MATERIAL FOR THIS EXERCISE Start Marker

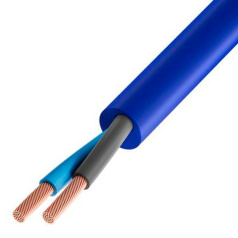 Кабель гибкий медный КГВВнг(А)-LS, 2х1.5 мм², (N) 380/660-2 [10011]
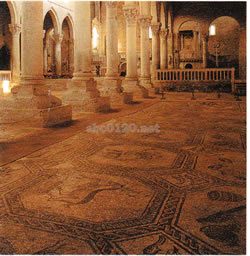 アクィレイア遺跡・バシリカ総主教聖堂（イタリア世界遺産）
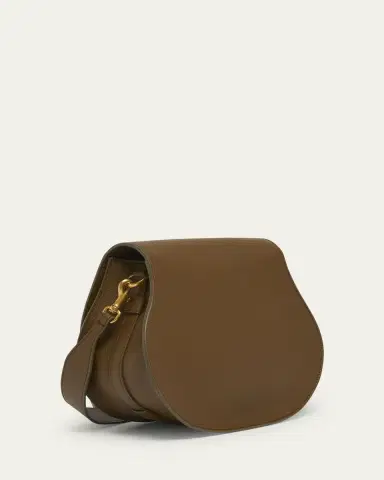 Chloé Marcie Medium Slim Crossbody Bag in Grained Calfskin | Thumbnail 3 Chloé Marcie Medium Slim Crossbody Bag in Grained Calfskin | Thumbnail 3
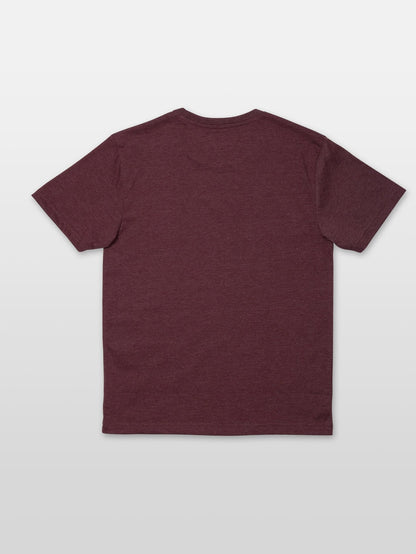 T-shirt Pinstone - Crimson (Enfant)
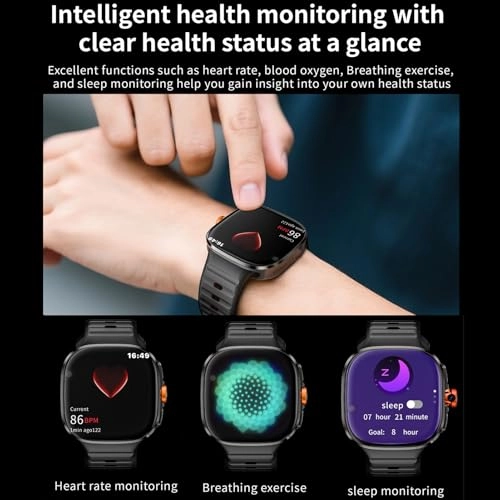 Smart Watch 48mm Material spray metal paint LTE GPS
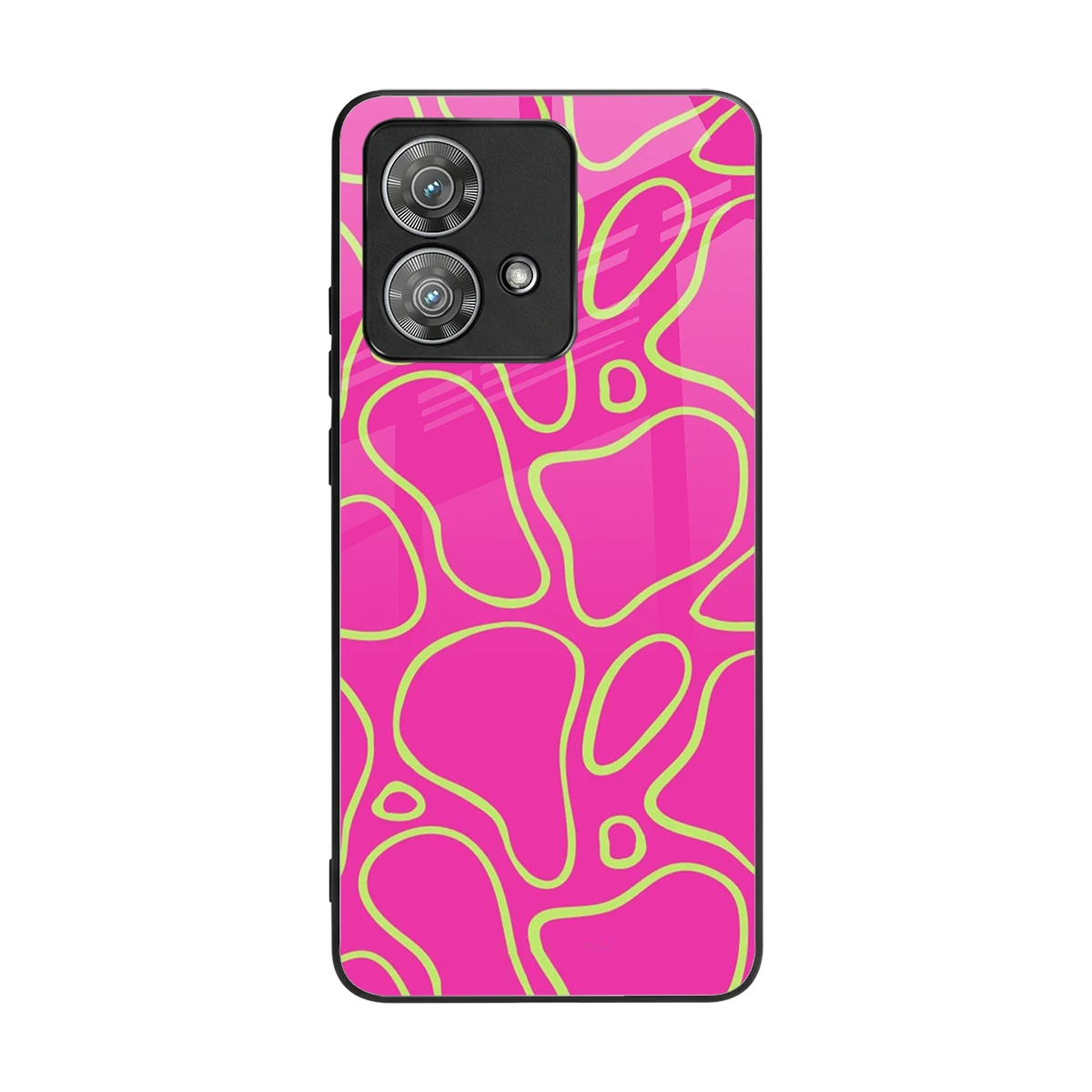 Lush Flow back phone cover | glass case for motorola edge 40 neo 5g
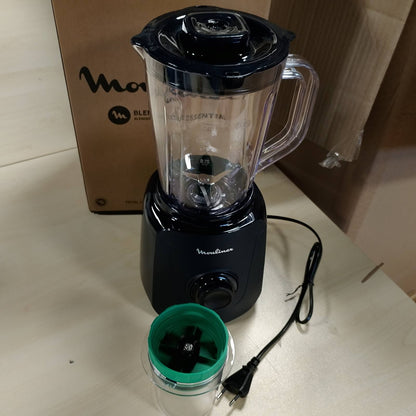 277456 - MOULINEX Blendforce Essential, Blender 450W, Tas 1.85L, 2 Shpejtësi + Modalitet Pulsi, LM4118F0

MATERIAL FOR THIS EXERCISE End Marker
MATERIAL FOR THIS EXERCISE Start Marker

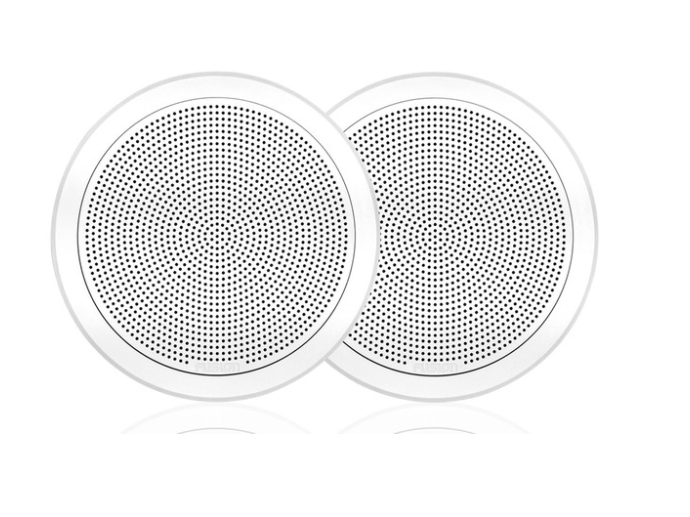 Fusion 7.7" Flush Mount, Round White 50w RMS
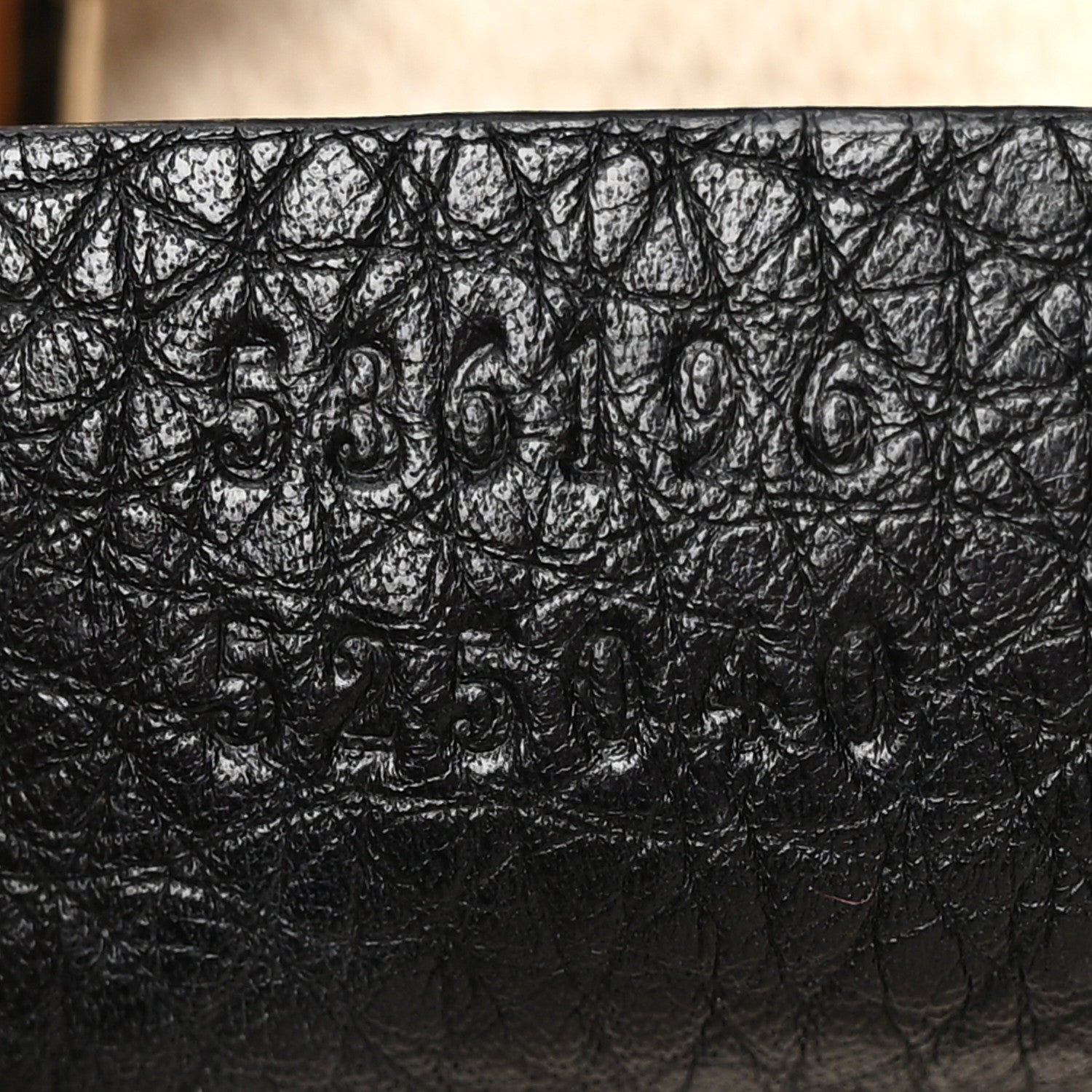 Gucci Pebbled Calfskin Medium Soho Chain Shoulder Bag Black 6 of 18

MATERIAL FOR THIS EXERCISE End Marker

REQUIRED WORK: All that is wanted is the lines above between the one containing "Кабель гибкий медный" and the one containing "277456 - MOULINEX", inclusive, restated word for word, with pictures omitted.

SOLUTION:
 Кабель гибкий медный КГВВнг(А)-LS, 2х1.5 мм², (N) 380/660-2 [10011]
 アクィレイア遺跡・バシリカ総主教聖堂（イタリア世界遺産）
 Chloé Marcie Medium Slim Crossbody Bag in Grained Calfskin | Thumbnail 3 Chloé Marcie Medium Slim Crossbody Bag in Grained Calfskin | Thumbnail 3
 T-shirt Pinstone - Crimson (Enfant)
 Smart Watch 48mm Material spray metal paint LTE GPS
 Lush Flow back phone cover | glass case for motorola edge 40 neo 5g
 277456 - MOULINEX Blendforce Essential, Blender 450W, Tas 1.85L, 2 Shpejtësi + Modalitet Pulsi, LM4118F0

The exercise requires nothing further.